**Exercise:**
Begin the copy at the line containing "ANGIO NAVY STRIPED VISCOSE SWEATER" and end it at the final line of the material below, reproducing each line exactly, without images.

### Supplied material ###

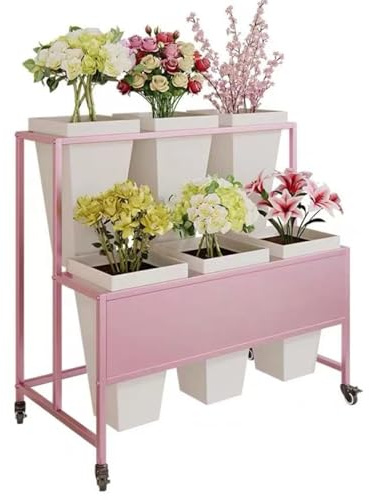 Metal Plant Stand with 6 Buckets 2Tier Rolling Flower Cart for Indoor & Outdoor Pink Flower Rack for Patio Garden & Living Room Decor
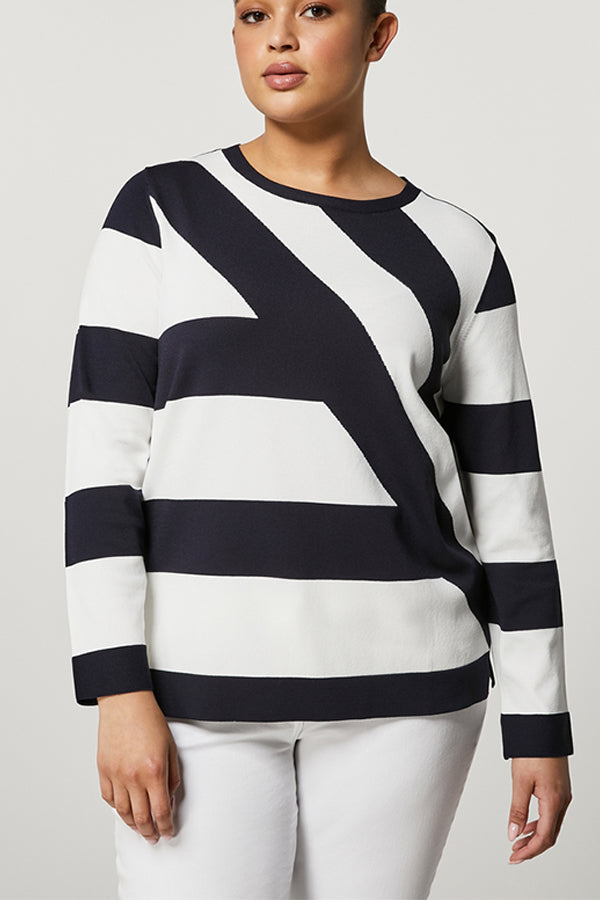 ANGIO NAVY STRIPED VISCOSE SWEATER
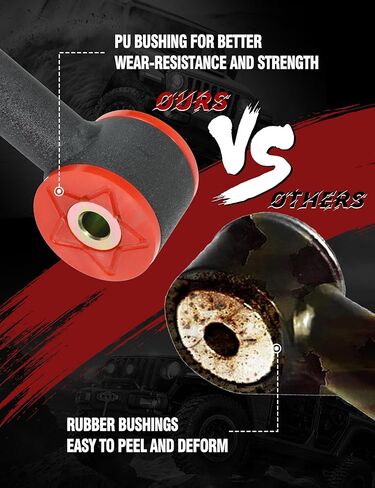 Front Upper Control Arms for 2002–2007 Jeep Liberty KJ, 1–4" Lift, Heavy Duty Suspension Arms with Pre-Installed PU Bushings & Ball Joints, Wrinkle Black (2PCS) in Kuwait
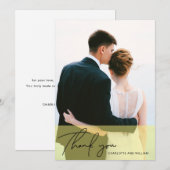 レモンイエロー不透明 |結婚式の日サンキューカード サンキューカード (正面/裏面)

###

**Response area:**
 ANGIO NAVY STRIPED VISCOSE SWEATER
 Front Upper Control Arms for 2002–2007 Jeep Liberty KJ, 1–4" Lift, Heavy Duty Suspension Arms with Pre-Installed PU Bushings & Ball Joints, Wrinkle Black (2PCS) in Kuwait
 レモンイエロー不透明 |結婚式の日サンキューカード サンキューカード (正面/裏面)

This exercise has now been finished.